I've got an itch to make Limoncello. I've been researching techniques and have found a many!

The recipe is pretty consistent, but the individual techniques range anywhere from 2 weeks to 1 year to extract the flavor and age. Also, some people add the simple syrup before they remove the peels and some leave the peels in, add the simple syrup and continue to age the mix.

So, my question...... has anyone made Limoncello and if so, what is your tried and true technique?

TIA

  1. Click to Upload a photo (10 MB limit)
Delete
  1. I've made Limoncello as a holiday gift for the past few years. I don't know where I got the original recipe, but I've modified over the years and here's what I do now.

    Combine 750mL vodka and the peels from 12 lemons in a covered container (I use a beer growler with a rubber-sealed stopper). Let sit for about a week (7-10 days) in a cool, dark place.

    Make a simple syrup by combining 2c sugar and 3c water, bring to a boil, and cool slightly. Add syrup to vodka and peels, and let sit 4-5 days longer. Strain mixture to remove peels, and transfer liquid to jars or bottles.

    In my experience, the limoncello is better as it ages. It's very sweet initially, but by the time summer rolls around, it's very refreshing. I pour the limoncello into glass canning jars and keep it in my pantry until summer, when I transfer it to the freezer until I'm ready to drink it. It has a nice slushy consistency when it comes out.

    My best advice is take your time scraping ALL the white pith off the peels. It's worth the effort to avoid any strange bitterness.

    1. We recently made a great batch. We let it sit for 40 days, while every ten days we gave it a little shake.

      We used 1 liter jars.
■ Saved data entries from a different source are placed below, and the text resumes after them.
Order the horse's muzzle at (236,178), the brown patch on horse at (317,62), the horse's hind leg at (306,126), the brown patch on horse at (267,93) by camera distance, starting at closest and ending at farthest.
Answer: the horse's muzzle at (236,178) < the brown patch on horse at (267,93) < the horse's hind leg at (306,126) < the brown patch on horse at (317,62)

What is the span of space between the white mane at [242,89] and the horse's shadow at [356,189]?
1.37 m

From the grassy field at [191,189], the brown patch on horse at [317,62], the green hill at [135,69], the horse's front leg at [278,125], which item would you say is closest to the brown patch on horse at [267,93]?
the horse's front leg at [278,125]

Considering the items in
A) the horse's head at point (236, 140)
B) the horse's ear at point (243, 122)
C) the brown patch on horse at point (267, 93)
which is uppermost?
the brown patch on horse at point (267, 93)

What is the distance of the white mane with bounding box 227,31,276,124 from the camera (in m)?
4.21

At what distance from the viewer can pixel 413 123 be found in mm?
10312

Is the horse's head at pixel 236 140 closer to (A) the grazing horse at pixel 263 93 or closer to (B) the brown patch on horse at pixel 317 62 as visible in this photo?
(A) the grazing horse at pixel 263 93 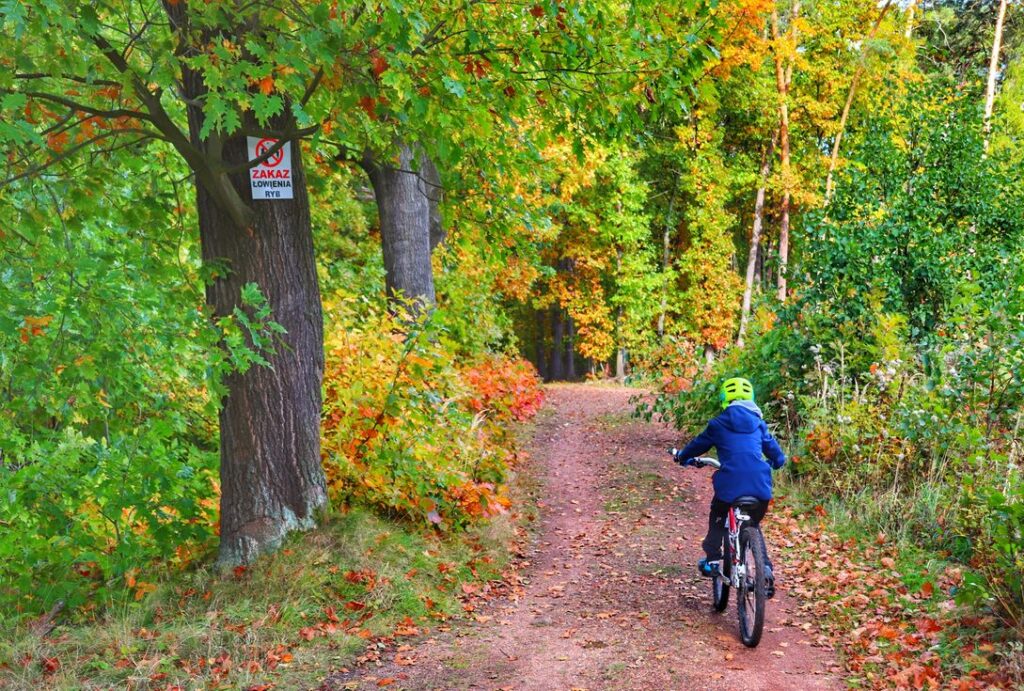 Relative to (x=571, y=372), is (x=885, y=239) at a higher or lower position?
higher

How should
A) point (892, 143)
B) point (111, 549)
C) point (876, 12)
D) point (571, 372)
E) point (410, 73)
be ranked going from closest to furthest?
point (410, 73) → point (111, 549) → point (892, 143) → point (876, 12) → point (571, 372)

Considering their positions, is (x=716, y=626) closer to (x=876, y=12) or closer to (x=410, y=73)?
(x=410, y=73)

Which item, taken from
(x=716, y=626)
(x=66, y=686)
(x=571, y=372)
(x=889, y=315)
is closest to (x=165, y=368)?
(x=66, y=686)

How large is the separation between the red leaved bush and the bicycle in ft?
22.4

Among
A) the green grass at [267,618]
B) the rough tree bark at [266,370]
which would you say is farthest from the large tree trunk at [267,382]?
the green grass at [267,618]

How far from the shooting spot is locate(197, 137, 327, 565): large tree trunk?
23.8 ft

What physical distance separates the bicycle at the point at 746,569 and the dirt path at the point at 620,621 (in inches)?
7.9

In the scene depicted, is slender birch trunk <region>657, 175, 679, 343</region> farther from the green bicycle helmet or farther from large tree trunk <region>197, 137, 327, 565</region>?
large tree trunk <region>197, 137, 327, 565</region>

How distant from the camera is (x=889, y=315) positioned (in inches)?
428

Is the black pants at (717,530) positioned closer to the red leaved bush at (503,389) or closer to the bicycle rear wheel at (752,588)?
the bicycle rear wheel at (752,588)

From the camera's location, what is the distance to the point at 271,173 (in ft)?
23.6

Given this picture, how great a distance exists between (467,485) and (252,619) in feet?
9.90

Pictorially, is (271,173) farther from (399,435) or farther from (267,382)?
(399,435)

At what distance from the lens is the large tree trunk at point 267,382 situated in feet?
23.8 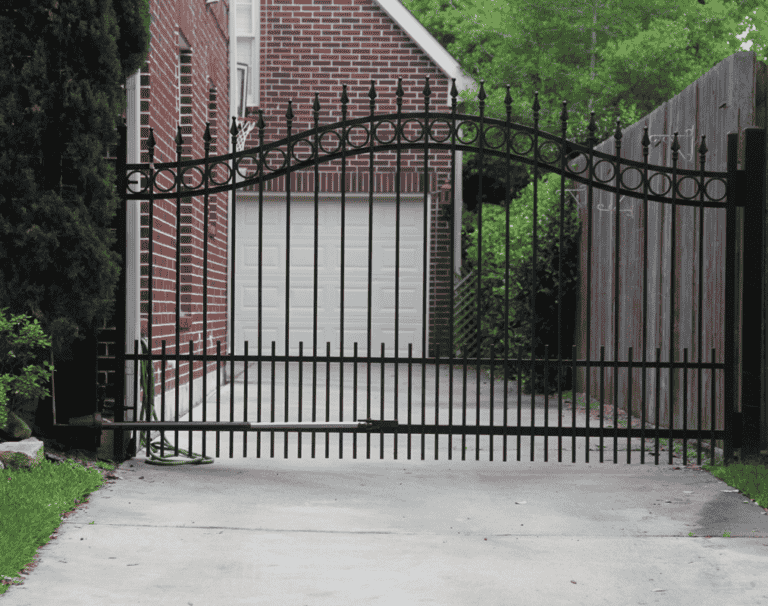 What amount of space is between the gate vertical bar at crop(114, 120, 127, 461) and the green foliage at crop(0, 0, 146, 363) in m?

We used the skin of about 10 meyer lemons per jar, we combined 1/2 vodka and 1/2 everclear.

      The most important part is the filtering. We removed the peel and filtered the mixture 4 times, using a new coffee filter each time. We used non-bleached filters. The filtering removed the harsh bitterness. We then combined it with equall amounts of simple syrup and used the Groger bottles and stuck it in the freezer. At this point you are good to consume.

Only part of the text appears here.